To get ready for some football, James Madison University (JMU) first had to ready Bridgeforth Stadium for renovation. The two-phase project added seating capacity, premium amenities, and a state-of-the-art video scoreboard. The master plan increased seating from 15,000 to 25,000 with ultimate build-out capacity over 40,000.
“Bridgeforth is a world-class facility for the FCS (Football Championship Subdivision). It’s an excellent first step in providing JMU with the flexibility to take advantage of whatever opportunities may be afforded them in the future,” says George Nasis, vice president of Moseley Architects. “Expanding at its current location in the heart of campus creates an iconic image from Highway 81 and the surrounding community that acts as a gateway to JMU.”
Designed with context in mind, stadium architecture engages the campus and becomes a prominent element on the Harrisonburg, VA, skyline. A striking feature is the cantilevered top tier section of the west grandstand, which creates a dynamic form against the backdrop of campus and adjacent mountains.
The palette of exterior materials includes painted steel, precast concrete, masonry, clear glazing with aluminum framing, and metal panel systems, all of which are lifecycle appropriate and respond to adjacent buildings. Select areas feature the school colors of purple and gold.
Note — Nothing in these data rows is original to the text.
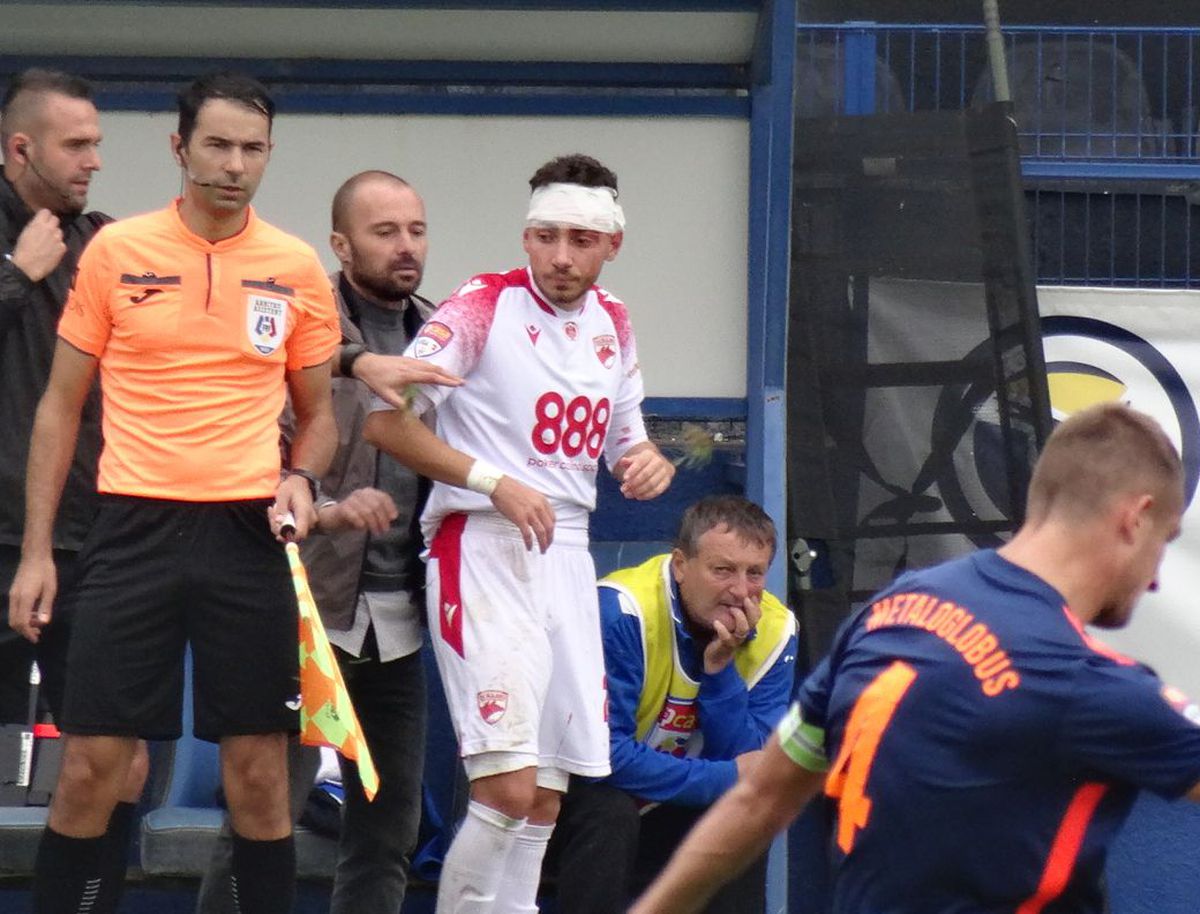 FOTO Metalogobus - Dinamo, 3 detalii, accidentări, sânge, ambulanța pe teren 22.11.2022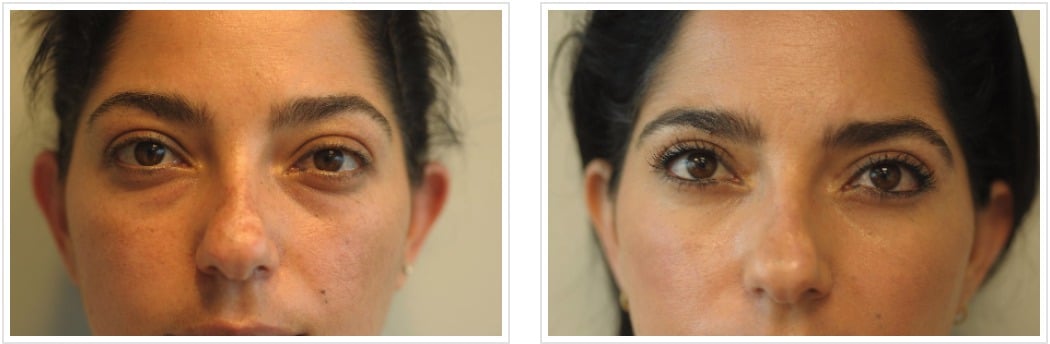 Eyelid Surgery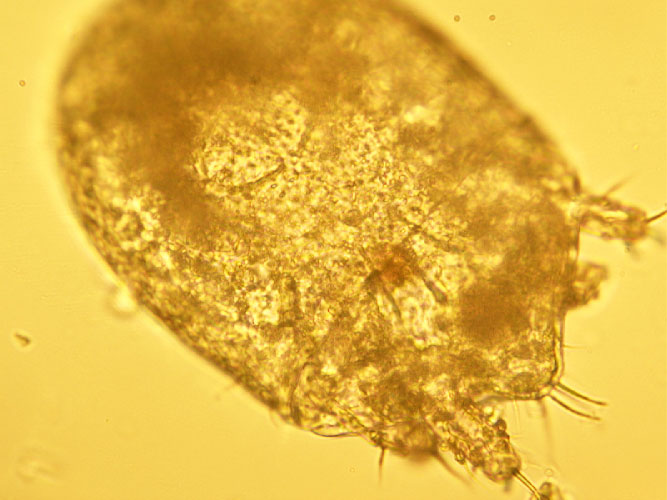 Figure 2. A hatching grain mite egg.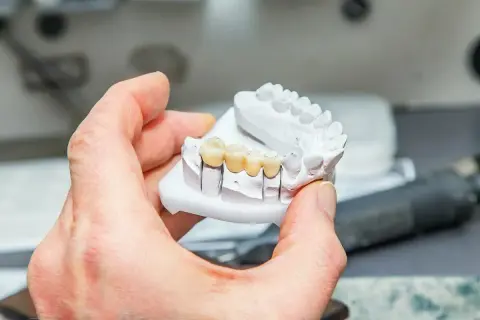 Model szczęki z widocznym, wykonanym z porcelany mostkiem na zębach.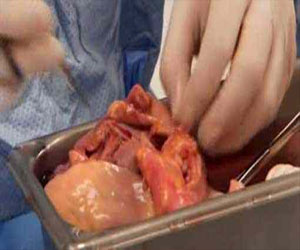   مصر اليوم - التحقيق في قضية تجارة أعضاء في الإسكندرية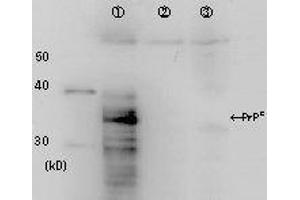 Western Blotting (WB) image for anti-Prion Protein (PRNP) antibody (ABIN2452081) (PRNP 抗体)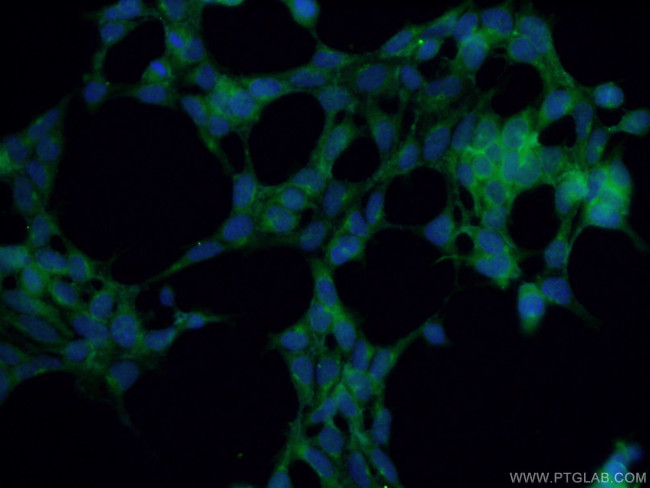 PDK1 Antibody in Immunocytochemistry (ICC/IF)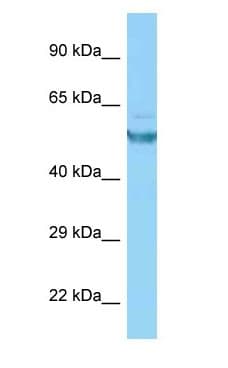 CAMK2G / CaMK II Gamma Antibody (aa311-360, Biotin)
“You get an SEC football feel when you walk into the place. It’s very impressive. There are two reactions we always get. One is like going through the White House or seeing the Empire State Building for the first time – you just say, ‘Wow,’” says Mickey Matthews, head football coach. “The second is that people are speechless. They just don’t say anything.”
The clean, modern interior creates a sense of openness and provides visual connection to the field. Finishes were selected for durability and ease of maintenance.
The lower concourse level features concessions and a fan shop, while the lower service level includes a commercial kitchen, commissary facility, and loading dock. The club level contains an 8,000-square-foot lounge, and the suite level houses 15 luxury suites and the President’s suite. The upper tier holds a 6,500-square-foot press box.
The complex includes a premium parking deck connected to the club and suite areas and two escalators for VIP access from the main entrance. The indoor and outdoor suites feature interior and exterior flat screen monitors, while the video scoreboard in the south end zone is the largest in the FCS.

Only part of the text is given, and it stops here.